> It fueled extremism and populism, both on the left and on the right.
I think you're confusing the Occupy Movement with the housing crisis itself.
Any anti-establishment/libertarian right-wingers would have already gotten energized years before by the Tea Party movement. Even Ron Paul's million dollar "money bomb" in donations happened a few months before Occupy. And what's the path from Occupy to right-wing extremism? Even on Fox News Occupy was a short-term blip.
The "one percent" slogan made its way directly into Bernie's campaign, so that tracks with what I assume you're calling left-wing populism.

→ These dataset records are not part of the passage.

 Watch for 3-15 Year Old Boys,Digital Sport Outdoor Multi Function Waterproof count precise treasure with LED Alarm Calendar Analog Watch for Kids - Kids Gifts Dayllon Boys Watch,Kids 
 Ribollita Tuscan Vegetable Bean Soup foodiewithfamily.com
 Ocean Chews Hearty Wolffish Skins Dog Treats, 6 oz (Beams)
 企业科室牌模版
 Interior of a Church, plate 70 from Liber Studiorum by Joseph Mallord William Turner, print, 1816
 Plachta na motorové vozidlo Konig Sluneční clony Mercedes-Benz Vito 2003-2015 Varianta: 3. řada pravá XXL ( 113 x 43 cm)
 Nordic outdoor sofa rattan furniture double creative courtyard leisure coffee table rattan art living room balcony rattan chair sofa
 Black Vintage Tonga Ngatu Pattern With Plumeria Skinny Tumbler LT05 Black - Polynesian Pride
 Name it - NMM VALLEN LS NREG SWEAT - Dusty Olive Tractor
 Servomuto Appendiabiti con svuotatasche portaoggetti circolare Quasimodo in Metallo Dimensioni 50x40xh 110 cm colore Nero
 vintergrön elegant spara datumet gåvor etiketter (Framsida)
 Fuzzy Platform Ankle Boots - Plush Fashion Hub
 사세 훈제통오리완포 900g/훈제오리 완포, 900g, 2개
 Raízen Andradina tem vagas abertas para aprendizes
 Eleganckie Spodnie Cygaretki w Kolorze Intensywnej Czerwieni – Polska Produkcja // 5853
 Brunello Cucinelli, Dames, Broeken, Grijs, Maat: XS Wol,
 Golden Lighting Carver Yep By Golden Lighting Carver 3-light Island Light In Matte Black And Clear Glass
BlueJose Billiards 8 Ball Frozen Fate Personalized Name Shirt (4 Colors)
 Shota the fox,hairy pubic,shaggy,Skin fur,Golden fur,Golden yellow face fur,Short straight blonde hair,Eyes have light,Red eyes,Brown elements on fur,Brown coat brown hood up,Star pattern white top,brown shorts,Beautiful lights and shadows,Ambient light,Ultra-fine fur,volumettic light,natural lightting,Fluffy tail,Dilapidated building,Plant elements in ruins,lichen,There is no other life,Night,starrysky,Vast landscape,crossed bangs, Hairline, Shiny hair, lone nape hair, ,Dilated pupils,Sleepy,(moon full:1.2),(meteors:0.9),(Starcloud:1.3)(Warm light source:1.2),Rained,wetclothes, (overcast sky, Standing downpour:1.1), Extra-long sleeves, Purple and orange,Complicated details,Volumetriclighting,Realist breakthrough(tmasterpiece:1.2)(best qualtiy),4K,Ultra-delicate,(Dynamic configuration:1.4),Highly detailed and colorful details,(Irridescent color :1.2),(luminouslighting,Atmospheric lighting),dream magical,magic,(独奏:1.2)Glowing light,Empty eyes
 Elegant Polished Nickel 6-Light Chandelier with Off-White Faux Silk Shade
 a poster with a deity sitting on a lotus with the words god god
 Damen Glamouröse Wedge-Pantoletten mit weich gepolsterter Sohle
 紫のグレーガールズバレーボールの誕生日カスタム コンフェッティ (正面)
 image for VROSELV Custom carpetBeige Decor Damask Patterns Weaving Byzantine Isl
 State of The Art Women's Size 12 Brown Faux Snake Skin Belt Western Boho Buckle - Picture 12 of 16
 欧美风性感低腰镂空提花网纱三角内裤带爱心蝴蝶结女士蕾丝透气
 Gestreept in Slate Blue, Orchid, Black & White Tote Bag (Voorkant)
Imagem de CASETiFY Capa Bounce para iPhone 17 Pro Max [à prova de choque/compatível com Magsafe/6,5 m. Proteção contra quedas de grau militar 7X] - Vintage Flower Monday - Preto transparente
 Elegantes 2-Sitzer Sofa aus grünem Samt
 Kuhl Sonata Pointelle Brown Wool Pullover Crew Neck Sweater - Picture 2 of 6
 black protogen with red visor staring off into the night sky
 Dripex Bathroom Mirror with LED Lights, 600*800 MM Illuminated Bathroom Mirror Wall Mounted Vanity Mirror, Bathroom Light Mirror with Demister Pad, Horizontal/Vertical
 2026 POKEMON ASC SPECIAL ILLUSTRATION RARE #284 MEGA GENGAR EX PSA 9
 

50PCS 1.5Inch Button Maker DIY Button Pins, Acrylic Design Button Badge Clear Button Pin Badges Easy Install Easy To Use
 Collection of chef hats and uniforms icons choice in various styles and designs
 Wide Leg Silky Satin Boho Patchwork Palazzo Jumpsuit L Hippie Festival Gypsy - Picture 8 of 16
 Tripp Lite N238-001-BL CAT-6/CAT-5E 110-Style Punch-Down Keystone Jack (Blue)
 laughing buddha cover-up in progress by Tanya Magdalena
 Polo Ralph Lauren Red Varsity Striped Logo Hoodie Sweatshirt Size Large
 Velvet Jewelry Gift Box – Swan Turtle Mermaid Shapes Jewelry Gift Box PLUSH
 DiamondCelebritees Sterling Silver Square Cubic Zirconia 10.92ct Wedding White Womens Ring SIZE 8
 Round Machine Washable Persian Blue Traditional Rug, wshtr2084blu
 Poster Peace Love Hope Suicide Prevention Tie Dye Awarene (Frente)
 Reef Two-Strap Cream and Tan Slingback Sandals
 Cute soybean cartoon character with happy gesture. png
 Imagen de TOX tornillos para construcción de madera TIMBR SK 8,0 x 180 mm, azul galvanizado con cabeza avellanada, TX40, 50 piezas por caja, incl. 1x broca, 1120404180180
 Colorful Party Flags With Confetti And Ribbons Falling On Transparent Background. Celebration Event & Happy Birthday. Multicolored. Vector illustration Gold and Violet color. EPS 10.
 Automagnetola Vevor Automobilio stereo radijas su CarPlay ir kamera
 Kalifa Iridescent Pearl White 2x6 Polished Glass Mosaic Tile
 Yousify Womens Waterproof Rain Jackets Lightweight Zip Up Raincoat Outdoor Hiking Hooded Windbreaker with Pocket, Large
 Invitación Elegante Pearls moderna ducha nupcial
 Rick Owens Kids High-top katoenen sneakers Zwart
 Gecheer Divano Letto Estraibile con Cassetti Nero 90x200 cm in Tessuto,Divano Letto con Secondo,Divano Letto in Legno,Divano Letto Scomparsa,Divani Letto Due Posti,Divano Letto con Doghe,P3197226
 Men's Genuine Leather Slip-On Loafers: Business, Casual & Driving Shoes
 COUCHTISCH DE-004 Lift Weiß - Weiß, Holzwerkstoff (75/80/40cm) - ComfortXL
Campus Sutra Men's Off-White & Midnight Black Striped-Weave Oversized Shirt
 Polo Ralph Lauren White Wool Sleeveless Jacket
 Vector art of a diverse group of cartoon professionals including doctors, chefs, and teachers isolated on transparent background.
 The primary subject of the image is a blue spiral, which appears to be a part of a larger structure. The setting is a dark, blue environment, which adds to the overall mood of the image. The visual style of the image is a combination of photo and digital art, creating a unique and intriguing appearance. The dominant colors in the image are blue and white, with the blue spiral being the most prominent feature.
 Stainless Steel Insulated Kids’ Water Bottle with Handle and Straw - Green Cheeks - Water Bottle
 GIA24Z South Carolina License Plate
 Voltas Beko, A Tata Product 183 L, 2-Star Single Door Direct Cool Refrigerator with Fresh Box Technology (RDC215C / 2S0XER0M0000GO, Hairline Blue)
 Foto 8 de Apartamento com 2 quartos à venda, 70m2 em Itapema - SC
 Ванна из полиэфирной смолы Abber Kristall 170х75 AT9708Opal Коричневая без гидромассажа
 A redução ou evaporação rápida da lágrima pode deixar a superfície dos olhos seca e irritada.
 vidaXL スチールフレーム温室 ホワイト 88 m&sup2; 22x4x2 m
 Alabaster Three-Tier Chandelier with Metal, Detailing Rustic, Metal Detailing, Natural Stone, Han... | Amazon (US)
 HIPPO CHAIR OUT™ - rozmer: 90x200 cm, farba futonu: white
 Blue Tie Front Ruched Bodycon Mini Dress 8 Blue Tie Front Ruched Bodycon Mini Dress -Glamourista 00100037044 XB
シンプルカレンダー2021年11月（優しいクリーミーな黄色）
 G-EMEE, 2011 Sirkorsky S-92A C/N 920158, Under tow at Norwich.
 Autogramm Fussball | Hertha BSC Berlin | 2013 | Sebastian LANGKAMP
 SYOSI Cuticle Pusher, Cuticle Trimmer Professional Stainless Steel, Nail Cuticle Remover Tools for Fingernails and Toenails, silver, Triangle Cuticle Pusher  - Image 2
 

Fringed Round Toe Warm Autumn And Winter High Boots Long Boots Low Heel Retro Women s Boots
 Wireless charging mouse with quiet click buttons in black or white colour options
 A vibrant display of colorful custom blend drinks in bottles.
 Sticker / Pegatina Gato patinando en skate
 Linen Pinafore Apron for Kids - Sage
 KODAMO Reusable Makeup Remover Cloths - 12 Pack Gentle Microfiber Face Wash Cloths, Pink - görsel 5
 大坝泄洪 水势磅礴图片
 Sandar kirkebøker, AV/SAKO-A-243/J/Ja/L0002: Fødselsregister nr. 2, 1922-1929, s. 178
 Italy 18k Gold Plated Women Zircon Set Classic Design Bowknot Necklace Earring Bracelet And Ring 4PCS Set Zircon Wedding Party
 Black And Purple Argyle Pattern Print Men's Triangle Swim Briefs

But what do you mean by "extremism" here? If it's violent extremism I don't see the connection. And if it's left-wing anarchist movements, have those grown in any significant way since the 2010s?
I understand my comment might give one the impression that I am confusing the chicken (the financial crisis) and the egg (the Occupy movement).
Since Occupy could not have existed without the Crisis, certainly some blame goes to the Crisis.
That said, Occupy shaped perception of the Crisis. Occupy trained the public to view the Crisis in terms of bad people, instead of systemic problems like incentives.
The Occupy movement, with its permanent smoke-pit adolescents like Tim Pool, Matt Taibbi, Max Keiser, and so on, has influenced public discourse ever since.
I cannot prove that Occupy, rather than the Financial Crisis alone, made possible our current dysfunctional politics (with its focus on scapegoating, conspiracy theories, magical thinking), but I notice echos of its 'memes' (in the original sense of the word), and its attitudes - not to mention I notice some of the actual participants.
I wish I could edit this, because now that I reread it, 'chicken and egg' doesn't make sense. It's more a question of root cause. So a better metaphor might be whether to assign blame to a misbehaving child or to the abusive father who raised him.